17) Kolejna bzdura: „Tyle osób rozstaje się z uśmiechem na twarzach, zachowując przyjaźń i szacunek, lubiąc się”, str. 155. To dlaczego się rozstają? Droga autorko, naprawdę wierzysz w to, co napisałaś?
18)Ciekawa jestem jaki to kolor: odcień świeżego mleka?, str. 156. No i pomijam, że jest to kolor cery dziewczyny o włoskich cechach.
19)Na czym polega dotykanie ręki w intymny sposób?, str. 158. Tak z ciekawości pytam, bo nie wiem.
20)„Biust miała dokładnie takiego kształtu, jaki lubił najbardziej”, str. 177. Czyli jaki? Kwadratowy, trójkątny, a może okrągły? Oj, to taki, jak mamy my wszystkie.
21)„przylgnęła do jego piersi z zaufaniem”, str. 181. Jak się lgnie z zaufaniem, a jak bez?
22)„byłby idealnym dla niej kandydatem w okresie dorastania”, str. 195. Dziewczyna ma 22 lata, więc już chyba jest po okresie dorastania?

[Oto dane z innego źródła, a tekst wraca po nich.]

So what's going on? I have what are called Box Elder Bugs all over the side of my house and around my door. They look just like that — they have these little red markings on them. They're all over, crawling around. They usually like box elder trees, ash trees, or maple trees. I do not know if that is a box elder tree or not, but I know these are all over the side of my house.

23)Osiemdziesięciolatki nie mogły już wykonywać ciężkich prac, str. 210. Przecież one od lat siedzą w domu na emeryturze i tylko gotowaniem się zajmują.
24)Na str. 228 autorka pisze, że te dwie staruszki mają zaskakująco dobrą pamięć, a na str. 210, że nie potrafiły sobie przypomnieć co jadły na obiad dwa dni temu.

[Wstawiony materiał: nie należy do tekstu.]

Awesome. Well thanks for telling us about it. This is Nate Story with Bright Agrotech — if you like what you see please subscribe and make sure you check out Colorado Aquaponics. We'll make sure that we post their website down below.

25)Na str. 212 detektyw ma 40 lat, a na str. 247 określony jest staruszkiem.
26)Czy wiecie, że 6 lat różnicy pomiędzy parą ludzi (on jest starszy od niej) to taki problem, że aż trzeba to roztrząsać i nie zgadzać się na to?
27)Kolejny bzdurny tekst: "Chcę poznać tego człowieka i dowiedzieć się co wspólnego może mieć jakiś czterdziestolatek z osiemdziesięcioletnimi staruszkami. Takie rzeczy powinno się robić w świetle dziennym", str. 219. Boże jedyny, jakie rzeczy, droga autorko?
28)"Całe szczęście, że mam doskonały instynkt i z góry wiem, co jest dla mnie dobre, a co nie", str. 221. Czy są w ogóle tacy ludzie?
29)Pierwsze 26 stron rozdziału IX-ego to, moim zdaniem, niepotrzebna paplanina, taka zapchajdziura.
30)Idiotyczny wątek, gdzie wielki dyktator mody postanawia wziąć na wybieg totalnego żółtodzioba, nauczyć go chodzenia i zachowania godnego modela. I to wszystko w dwa miesiące. Nikt nie zaryzykuje takiej klapy (w książce oczywiście wszystko świetnie wypada), każdy chce mieć modela młodego i z prawdziwego zdarzenia, a nie takiego nieroba jak Luca.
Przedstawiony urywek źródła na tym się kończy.